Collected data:
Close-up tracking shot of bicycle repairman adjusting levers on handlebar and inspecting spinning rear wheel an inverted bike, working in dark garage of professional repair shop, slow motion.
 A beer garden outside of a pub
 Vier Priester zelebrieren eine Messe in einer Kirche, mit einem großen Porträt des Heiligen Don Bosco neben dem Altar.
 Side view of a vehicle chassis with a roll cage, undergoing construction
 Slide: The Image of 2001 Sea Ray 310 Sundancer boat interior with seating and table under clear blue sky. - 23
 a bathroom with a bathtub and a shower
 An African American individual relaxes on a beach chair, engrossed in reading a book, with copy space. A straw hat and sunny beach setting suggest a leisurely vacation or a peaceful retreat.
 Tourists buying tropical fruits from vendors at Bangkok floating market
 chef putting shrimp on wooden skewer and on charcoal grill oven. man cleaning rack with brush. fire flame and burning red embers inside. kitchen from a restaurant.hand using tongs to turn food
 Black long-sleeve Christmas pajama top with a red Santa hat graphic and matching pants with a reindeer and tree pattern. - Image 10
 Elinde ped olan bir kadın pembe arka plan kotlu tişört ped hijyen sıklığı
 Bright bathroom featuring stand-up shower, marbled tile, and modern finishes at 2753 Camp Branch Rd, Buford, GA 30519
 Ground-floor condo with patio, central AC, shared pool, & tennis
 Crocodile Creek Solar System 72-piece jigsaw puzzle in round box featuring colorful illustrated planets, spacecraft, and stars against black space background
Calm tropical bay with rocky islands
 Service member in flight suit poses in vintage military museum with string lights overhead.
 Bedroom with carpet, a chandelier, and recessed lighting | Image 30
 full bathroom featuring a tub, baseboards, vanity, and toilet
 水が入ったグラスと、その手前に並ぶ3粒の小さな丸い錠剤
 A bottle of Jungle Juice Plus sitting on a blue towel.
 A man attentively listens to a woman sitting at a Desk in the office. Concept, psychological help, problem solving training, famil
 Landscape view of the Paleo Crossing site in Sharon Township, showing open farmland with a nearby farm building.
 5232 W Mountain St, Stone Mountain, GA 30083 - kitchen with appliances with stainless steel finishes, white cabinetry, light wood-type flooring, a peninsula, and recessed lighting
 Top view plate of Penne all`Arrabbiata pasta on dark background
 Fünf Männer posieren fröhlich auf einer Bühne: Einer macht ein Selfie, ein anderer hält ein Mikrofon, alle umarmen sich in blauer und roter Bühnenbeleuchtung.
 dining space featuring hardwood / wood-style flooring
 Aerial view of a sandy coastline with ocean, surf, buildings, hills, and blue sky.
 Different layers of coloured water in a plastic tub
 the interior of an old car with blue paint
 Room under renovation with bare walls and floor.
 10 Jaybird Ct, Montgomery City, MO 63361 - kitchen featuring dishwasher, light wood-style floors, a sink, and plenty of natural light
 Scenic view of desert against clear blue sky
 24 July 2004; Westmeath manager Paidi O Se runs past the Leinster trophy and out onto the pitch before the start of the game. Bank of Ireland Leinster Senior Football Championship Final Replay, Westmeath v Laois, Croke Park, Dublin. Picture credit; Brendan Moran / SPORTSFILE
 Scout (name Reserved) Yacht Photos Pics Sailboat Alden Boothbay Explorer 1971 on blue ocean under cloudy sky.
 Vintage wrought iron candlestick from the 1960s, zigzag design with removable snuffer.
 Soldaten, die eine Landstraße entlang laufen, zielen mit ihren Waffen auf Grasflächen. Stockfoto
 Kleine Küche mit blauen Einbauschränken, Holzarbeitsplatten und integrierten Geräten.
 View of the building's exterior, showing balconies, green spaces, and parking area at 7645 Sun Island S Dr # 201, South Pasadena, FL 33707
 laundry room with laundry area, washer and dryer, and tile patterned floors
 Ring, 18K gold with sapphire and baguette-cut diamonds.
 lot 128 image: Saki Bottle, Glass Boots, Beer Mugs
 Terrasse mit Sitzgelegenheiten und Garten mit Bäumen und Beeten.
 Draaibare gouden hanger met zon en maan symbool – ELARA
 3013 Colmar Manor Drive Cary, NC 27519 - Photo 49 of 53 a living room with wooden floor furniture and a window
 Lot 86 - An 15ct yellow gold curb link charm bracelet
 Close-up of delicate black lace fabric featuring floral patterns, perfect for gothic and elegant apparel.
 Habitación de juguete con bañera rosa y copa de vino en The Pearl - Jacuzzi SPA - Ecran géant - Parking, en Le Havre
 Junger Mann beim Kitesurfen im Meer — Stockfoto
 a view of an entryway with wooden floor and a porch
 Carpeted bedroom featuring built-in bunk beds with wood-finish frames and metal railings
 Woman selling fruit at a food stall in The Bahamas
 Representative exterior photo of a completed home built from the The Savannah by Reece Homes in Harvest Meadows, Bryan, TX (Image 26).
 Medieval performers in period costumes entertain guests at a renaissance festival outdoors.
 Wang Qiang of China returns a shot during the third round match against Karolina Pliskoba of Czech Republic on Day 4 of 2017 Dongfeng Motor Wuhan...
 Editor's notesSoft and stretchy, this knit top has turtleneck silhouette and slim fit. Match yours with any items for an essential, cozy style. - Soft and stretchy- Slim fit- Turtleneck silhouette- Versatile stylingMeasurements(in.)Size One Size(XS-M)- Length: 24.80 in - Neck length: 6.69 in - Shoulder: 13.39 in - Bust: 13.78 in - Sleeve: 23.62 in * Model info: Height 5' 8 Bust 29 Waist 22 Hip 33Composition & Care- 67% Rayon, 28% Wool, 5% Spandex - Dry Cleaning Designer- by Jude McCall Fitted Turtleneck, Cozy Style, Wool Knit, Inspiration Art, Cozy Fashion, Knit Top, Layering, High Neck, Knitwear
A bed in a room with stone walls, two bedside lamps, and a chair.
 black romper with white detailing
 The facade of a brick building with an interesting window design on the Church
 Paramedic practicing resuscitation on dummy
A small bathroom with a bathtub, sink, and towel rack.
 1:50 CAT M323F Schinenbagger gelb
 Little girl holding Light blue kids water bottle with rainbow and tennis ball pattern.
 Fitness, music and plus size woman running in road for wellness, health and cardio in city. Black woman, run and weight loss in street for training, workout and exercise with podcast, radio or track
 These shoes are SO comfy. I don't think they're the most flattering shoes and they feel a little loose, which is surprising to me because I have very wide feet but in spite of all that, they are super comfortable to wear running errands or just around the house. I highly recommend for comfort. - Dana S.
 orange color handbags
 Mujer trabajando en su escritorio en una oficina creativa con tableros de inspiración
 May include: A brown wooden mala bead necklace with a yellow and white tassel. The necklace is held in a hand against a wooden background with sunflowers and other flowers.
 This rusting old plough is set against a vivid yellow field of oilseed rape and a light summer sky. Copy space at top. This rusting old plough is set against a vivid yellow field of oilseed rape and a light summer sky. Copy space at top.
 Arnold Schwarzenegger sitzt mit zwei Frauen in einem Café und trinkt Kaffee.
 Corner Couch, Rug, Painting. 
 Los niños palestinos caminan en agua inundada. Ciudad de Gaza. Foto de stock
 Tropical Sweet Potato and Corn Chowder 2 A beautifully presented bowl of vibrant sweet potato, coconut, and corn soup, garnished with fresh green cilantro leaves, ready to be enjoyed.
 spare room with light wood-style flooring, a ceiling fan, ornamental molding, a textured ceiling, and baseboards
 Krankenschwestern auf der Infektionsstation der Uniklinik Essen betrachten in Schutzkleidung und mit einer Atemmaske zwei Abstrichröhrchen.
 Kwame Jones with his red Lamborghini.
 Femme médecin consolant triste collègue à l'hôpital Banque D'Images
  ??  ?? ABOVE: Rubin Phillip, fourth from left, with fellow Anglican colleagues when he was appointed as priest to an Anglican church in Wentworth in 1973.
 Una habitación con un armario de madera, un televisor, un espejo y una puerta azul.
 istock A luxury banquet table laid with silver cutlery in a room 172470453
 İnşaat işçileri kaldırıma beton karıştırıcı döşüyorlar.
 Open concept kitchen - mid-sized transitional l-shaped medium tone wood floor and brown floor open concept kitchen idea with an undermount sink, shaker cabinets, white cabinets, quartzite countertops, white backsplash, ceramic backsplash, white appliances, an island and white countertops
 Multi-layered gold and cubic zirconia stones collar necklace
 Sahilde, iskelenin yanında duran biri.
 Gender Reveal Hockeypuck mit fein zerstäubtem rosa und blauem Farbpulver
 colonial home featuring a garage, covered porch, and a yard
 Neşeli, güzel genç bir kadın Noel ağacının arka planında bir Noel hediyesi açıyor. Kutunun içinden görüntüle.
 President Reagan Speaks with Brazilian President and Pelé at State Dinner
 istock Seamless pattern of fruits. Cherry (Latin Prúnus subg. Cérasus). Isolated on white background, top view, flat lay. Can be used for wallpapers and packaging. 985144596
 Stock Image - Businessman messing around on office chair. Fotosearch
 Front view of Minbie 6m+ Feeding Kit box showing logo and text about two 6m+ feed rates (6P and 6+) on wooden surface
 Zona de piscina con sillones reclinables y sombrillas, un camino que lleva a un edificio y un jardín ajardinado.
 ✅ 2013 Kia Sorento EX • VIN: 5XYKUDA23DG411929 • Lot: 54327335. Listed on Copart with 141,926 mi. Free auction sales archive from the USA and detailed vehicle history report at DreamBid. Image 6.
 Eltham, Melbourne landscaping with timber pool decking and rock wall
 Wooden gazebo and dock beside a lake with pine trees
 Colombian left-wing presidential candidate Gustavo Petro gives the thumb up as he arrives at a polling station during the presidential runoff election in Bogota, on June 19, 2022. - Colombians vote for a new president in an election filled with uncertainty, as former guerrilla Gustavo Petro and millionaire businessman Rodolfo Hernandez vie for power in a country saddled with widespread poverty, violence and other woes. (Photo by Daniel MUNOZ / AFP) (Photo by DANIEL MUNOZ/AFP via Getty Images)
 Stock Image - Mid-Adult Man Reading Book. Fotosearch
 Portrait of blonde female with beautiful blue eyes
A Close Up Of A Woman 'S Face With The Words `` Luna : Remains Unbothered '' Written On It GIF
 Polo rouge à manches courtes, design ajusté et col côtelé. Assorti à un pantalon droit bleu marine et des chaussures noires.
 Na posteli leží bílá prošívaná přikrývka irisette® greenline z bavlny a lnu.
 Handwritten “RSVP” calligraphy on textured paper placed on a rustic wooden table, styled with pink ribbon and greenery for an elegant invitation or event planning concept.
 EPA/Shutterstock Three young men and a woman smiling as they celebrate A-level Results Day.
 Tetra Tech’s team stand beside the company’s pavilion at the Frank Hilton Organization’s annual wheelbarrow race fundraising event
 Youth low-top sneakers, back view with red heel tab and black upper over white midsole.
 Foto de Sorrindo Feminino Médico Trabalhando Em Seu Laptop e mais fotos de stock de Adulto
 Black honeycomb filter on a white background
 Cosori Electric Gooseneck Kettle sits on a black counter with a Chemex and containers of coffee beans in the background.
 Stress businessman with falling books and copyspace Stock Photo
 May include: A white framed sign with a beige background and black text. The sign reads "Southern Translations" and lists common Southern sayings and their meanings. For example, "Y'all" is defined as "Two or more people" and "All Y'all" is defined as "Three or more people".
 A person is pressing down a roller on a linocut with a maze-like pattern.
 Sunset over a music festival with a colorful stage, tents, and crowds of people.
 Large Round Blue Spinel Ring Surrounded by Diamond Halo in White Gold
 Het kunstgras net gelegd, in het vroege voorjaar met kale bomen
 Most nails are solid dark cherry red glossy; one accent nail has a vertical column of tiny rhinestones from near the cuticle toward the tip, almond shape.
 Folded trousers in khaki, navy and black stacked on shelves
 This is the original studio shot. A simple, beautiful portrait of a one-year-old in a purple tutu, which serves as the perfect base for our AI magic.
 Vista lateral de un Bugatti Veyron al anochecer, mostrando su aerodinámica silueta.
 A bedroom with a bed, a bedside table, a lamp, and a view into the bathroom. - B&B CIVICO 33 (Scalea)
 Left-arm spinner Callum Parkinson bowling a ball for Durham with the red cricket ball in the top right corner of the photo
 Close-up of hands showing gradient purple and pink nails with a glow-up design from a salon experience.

Your instructions: Return the entries above unchanged, starting at the first line and stopping after the line with "Elinde ped olan".

Response:
Close-up tracking shot of bicycle repairman adjusting levers on handlebar and inspecting spinning rear wheel an inverted bike, working in dark garage of professional repair shop, slow motion.
 A beer garden outside of a pub
 Vier Priester zelebrieren eine Messe in einer Kirche, mit einem großen Porträt des Heiligen Don Bosco neben dem Altar.
 Side view of a vehicle chassis with a roll cage, undergoing construction
 Slide: The Image of 2001 Sea Ray 310 Sundancer boat interior with seating and table under clear blue sky. - 23
 a bathroom with a bathtub and a shower
 An African American individual relaxes on a beach chair, engrossed in reading a book, with copy space. A straw hat and sunny beach setting suggest a leisurely vacation or a peaceful retreat.
 Tourists buying tropical fruits from vendors at Bangkok floating market
 chef putting shrimp on wooden skewer and on charcoal grill oven. man cleaning rack with brush. fire flame and burning red embers inside. kitchen from a restaurant.hand using tongs to turn food
 Black long-sleeve Christmas pajama top with a red Santa hat graphic and matching pants with a reindeer and tree pattern. - Image 10
 Elinde ped olan bir kadın pembe arka plan kotlu tişört ped hijyen sıklığı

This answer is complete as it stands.